Ele relata que a região é predominantemente rural. As margens do rio Guadalupe, que era repletas de árvores, ficaram devastadas em diversos pontos.
O professor afirma que não há grandes semelhanças entre a enchente que vivenciou no Texas e as cheias que atingiram o Rio Grande do Sul em maio de 2024.
“São eventos hidrológicos diferentes, especialmente porque as enchentes no RS tiveram relação com chuvas mais prolongadas. Há alguma semelhança entre as enxurradas daqui com o que ocorre no Vale do Taquari, onde as águas sobem rapidamente, mas não dá para fazer comparação com Porto Alegre, por exemplo.
Feriadão em região turística
A região mais atingida pela enchente é chamada de Texas Hill Country e fica localizada no centro-sul do estado do Texas. A localidade rural tem grande potencial turístico e atrai visitantes ao longo de todo o ano, mas principalmente no período atual, que é o verão nos Estados Unidos. É como a relação dos gaúchos com a Serra, exemplifica Giacomoni.
O professor conta que, nesta época, são comuns os acampamentos de crianças, em função das férias escolares. Entre os mortos, 27 estavam em um desses acampamentos. O movimento na região nos dias em que ocorreu a enchente era ainda maior em função do feriadão de 4 de julho nos EUA.
Giacomoni acredita que o elevado número de mortes tem relação com o período em que ocorreu o fenômeno.
“Foi uma combinação de uma série de fatores, o feriado, o verão, as crianças nos acampamentos e o horário. Começou a chover pelas 23h da quinta, choveu a noite inteira e as enxurradas começaram já pela madrugada. Se tivesse ocorrido no inverno, por exemplo, é bastante provável que o número de acampamentos e visitantes fosse menor.”
Alerta chegou tarde
O alerta do sistema nacional de meteorologia (National Weather Service) chegou tarde. Giacomoni afirma que recebeu notificações sobre o evento somente pela manhã, quando a enxurrada já havia causado estragos. A esposa, por exemplo, não recebeu qualquer alerta.

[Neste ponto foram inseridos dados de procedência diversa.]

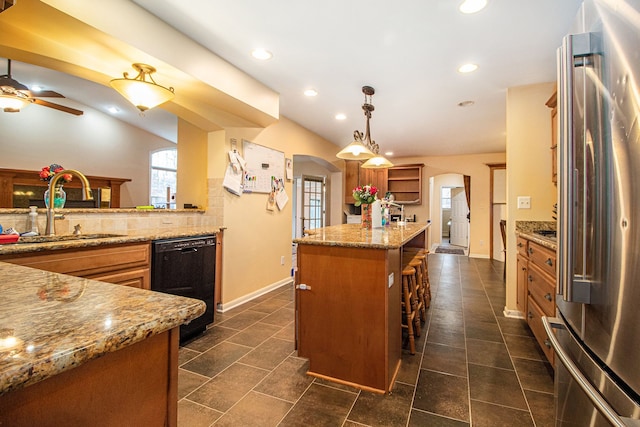 kitchen featuring stainless steel fridge, a center island, sink, decorative light fixtures, and black dishwasher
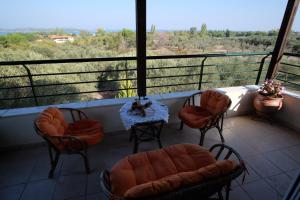 a balcony with chairs and a table with a view at Billias House in Vourvourou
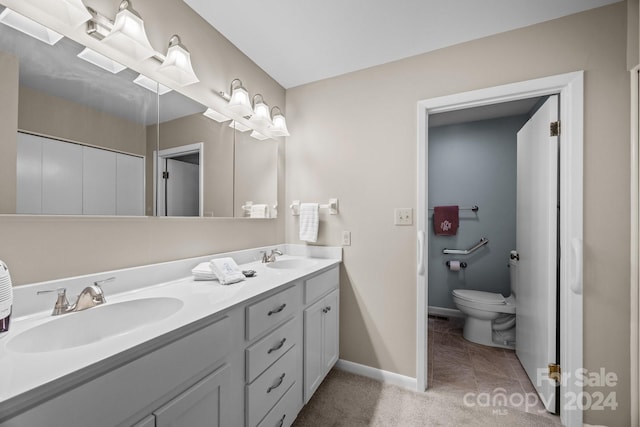 bathroom with vanity, toilet, and tile patterned floors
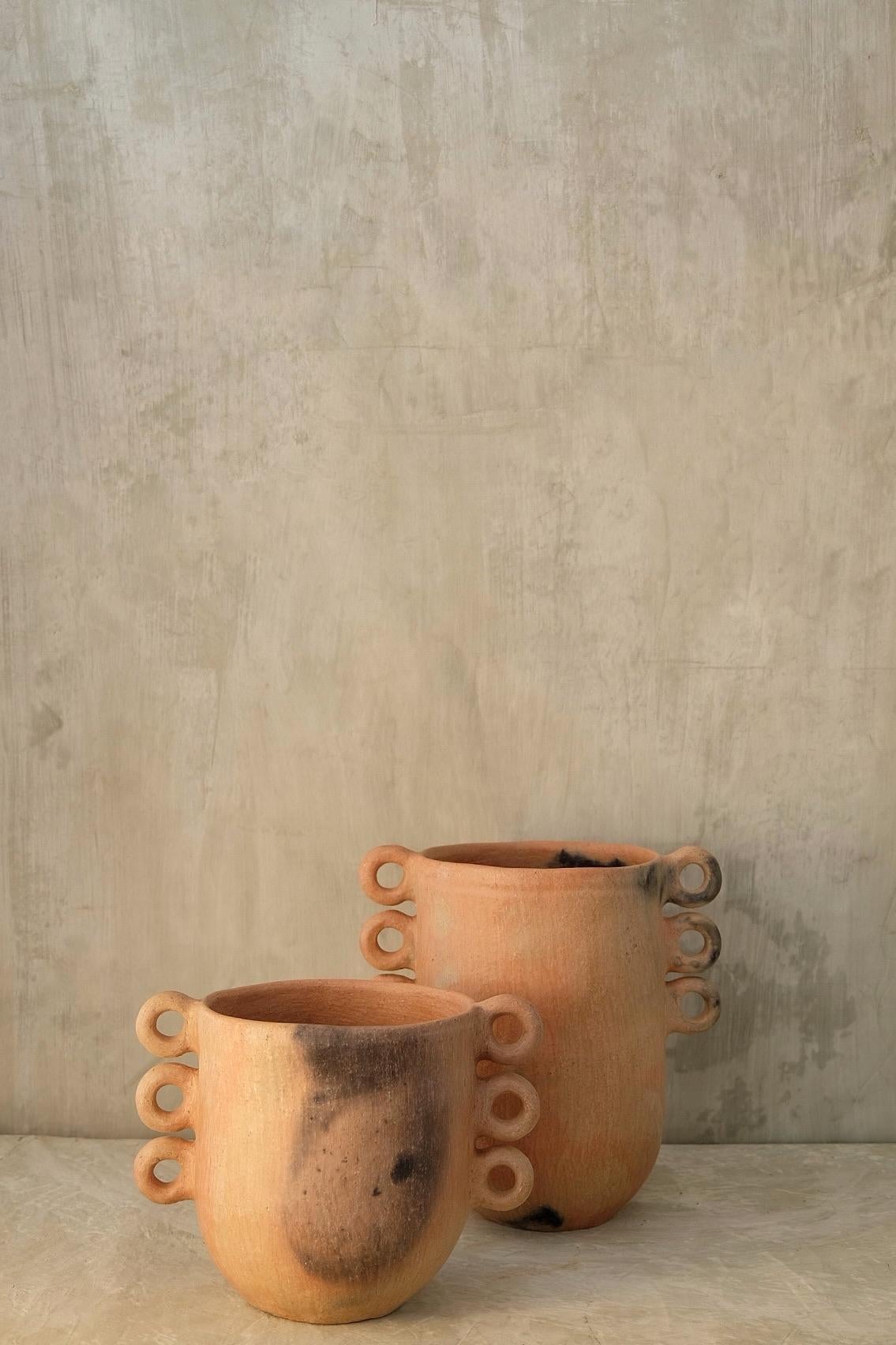 Tierra Caliente vase by Onora
Dimensions: 
D 20 x H 30 cm
D 20 x H 20 cm 
Materials: Clay

Hand sculpted clay, covered with a mineral based slip and burnished using a quartz stone. 

We are a Mexican brand dedicated to the creation of high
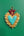 Ex-voto KIFF KIFF Betty en forme de cœur sacré doré avec centre turquoise et fleur bordeaux, fait main en métal.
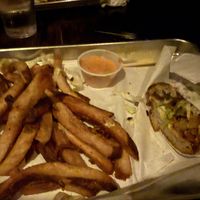 Vegan chicken wrap (half eaten) and amazing fries.  at Victoria Bar in Portland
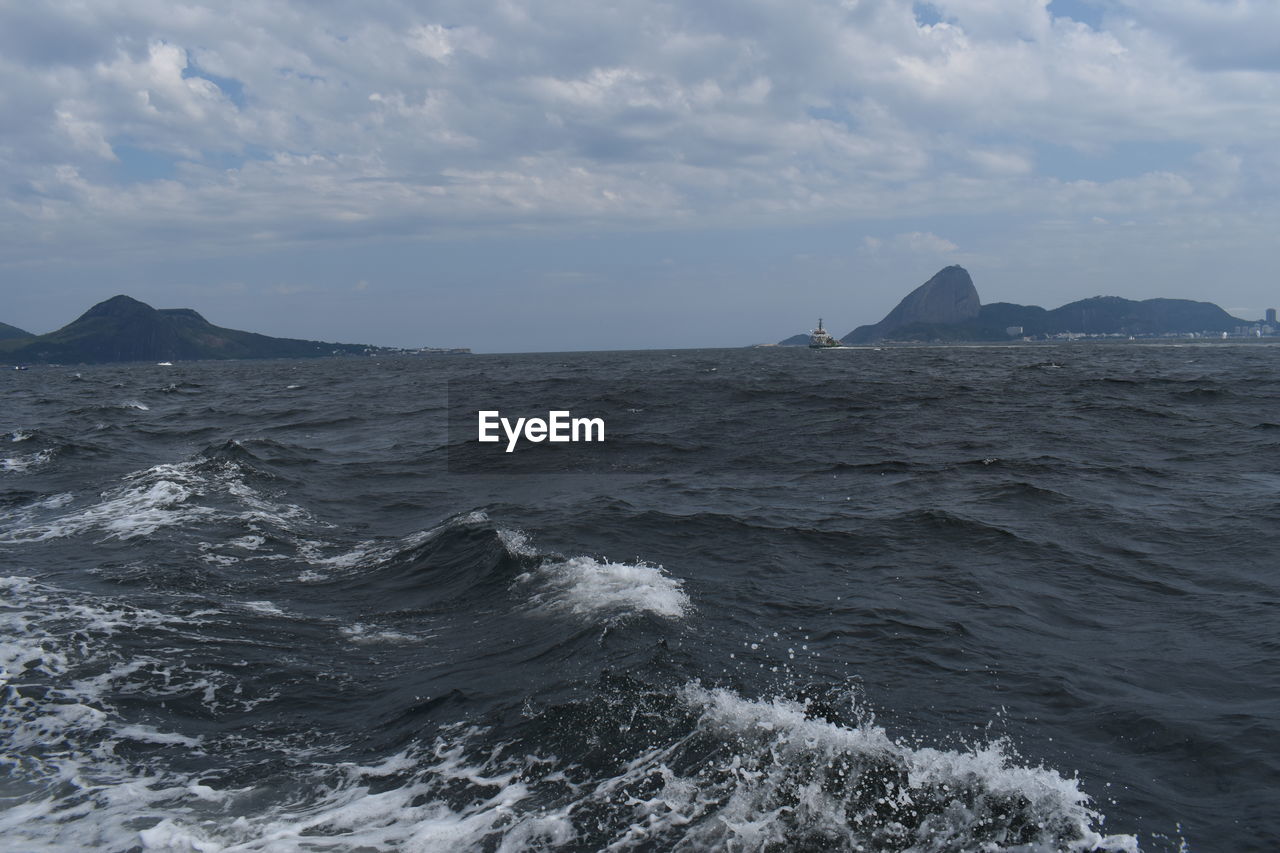 SCENIC VIEW OF SEA AND ROCKS AGAINST SKY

“Ainda não se sabe se houve erro na previsão ou na distribuição das mensagens. Eu recebi a primeira mensagem de alerta quando acordei. Já tinha chovido a noite inteira. Algumas pessoas não receberam o alerta, outras estavam dormindo.”
A orientação era de que as pessoas só deixassem suas casas em caso de risco iminente de morte. No episódio de junho, a maior parte das mortes foi de pessoas que estavam em veículos que foram arrastados pela força das águas.
A casa em que o professor Giacomoni estava com a família não precisou ser evacuada. O imóvel, construído com bastante altura em razão da segurança, foi atingido no andar térreo, mas a família estava no piso superior.
Sistema de alertas
Diante das mudanças climáticas, que fazem aumentar em frequência e intensidade os eventos climáticos extremos, Giacomoni chama atenção para a necessidade de melhoria dos sistemas alertas.
“Não há recursos para se fazer obras de engenharia suficientes para proteger todas as pessoas e lugares. Uma maneira de minimizar a perda de vidas, seria melhorar monitoramento hidrológico, medição das chuvas e do nível dos rios, associados a sistemas de alerta que possam fazer previsões em tempo real. E não basta a previsão existir, ela precisa chegar nas pessoas e elas precisam saber o que fazer.”